(What to produce):
The answer is the line that contains "Meydan, Dubai, 22" followed by every later line of the entries below, each repeated exactly, and nothing else.

(Information supplied):
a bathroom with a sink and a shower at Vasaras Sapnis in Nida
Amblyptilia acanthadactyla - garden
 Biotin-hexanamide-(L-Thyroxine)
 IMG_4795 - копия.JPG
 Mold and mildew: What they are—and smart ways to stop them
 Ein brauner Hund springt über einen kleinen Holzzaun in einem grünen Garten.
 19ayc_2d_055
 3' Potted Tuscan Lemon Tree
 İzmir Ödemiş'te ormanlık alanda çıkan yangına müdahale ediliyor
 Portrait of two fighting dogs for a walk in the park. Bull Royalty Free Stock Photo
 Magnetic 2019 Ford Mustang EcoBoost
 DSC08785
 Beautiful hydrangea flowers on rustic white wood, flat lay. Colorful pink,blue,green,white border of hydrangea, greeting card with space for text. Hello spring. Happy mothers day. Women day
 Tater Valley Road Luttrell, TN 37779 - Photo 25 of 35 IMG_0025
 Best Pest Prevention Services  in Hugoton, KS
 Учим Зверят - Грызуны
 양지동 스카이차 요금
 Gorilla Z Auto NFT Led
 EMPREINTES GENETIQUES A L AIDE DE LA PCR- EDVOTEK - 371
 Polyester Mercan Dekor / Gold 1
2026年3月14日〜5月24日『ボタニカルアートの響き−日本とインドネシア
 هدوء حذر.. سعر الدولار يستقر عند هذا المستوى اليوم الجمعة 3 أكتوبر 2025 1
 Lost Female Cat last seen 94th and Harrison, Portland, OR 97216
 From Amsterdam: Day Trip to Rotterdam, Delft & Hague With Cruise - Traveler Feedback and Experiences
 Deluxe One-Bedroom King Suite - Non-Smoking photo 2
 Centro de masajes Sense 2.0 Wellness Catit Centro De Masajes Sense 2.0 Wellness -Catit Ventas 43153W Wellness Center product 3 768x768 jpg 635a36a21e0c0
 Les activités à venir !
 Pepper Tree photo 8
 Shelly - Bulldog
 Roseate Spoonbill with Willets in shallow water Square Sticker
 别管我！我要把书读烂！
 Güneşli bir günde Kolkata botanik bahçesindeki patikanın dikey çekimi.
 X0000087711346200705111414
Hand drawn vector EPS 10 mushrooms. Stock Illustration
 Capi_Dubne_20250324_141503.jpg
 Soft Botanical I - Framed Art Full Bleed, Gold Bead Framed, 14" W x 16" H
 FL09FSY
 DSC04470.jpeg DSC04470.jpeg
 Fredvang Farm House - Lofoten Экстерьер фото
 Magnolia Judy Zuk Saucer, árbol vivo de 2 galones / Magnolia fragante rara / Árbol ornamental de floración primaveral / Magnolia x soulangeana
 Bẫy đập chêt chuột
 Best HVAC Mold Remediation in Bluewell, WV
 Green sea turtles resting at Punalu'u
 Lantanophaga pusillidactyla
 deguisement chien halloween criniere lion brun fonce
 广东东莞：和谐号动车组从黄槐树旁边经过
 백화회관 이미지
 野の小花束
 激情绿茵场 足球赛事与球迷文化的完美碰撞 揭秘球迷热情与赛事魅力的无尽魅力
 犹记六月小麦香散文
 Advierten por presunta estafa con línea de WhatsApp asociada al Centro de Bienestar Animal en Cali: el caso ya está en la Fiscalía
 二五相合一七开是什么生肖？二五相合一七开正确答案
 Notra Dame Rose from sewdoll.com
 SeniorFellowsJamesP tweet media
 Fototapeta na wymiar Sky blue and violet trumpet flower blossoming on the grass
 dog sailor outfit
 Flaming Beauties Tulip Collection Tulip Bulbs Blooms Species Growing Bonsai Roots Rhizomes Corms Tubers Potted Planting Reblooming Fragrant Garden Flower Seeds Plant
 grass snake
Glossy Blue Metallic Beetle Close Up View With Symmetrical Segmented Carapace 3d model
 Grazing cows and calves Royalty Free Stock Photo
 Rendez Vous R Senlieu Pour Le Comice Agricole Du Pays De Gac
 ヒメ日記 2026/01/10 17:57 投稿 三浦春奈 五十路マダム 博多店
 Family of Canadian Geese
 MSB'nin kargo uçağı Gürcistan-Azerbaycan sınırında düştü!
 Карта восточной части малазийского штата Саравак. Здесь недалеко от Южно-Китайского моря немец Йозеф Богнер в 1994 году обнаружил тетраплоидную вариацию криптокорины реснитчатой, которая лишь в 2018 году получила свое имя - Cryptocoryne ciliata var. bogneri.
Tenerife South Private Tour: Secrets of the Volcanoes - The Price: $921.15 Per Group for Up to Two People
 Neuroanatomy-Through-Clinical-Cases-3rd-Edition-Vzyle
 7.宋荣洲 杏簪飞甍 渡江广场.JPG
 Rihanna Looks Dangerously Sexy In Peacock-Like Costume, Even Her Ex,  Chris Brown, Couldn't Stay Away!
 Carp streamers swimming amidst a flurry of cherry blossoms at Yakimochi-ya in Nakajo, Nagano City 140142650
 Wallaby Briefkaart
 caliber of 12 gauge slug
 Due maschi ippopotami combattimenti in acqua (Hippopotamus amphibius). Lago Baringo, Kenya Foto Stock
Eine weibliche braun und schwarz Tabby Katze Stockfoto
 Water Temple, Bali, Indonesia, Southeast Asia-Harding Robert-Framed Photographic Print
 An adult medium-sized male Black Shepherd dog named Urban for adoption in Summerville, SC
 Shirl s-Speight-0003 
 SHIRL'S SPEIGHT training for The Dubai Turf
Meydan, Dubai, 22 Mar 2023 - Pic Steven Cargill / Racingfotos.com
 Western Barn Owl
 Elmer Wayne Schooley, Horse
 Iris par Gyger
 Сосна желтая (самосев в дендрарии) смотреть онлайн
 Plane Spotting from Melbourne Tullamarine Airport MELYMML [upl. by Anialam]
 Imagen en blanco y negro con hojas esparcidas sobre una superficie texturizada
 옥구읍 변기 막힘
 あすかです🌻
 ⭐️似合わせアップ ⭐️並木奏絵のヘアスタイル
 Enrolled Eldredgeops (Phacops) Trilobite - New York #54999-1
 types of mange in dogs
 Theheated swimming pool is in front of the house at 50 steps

(Answer to this task):
Meydan, Dubai, 22 Mar 2023 - Pic Steven Cargill / Racingfotos.com
 Western Barn Owl
 Elmer Wayne Schooley, Horse
 Iris par Gyger
 Сосна желтая (самосев в дендрарии) смотреть онлайн
 Plane Spotting from Melbourne Tullamarine Airport MELYMML [upl. by Anialam]
 Imagen en blanco y negro con hojas esparcidas sobre una superficie texturizada
 옥구읍 변기 막힘
 あすかです🌻
 ⭐️似合わせアップ ⭐️並木奏絵のヘアスタイル
 Enrolled Eldredgeops (Phacops) Trilobite - New York #54999-1
 types of mange in dogs
 Theheated swimming pool is in front of the house at 50 steps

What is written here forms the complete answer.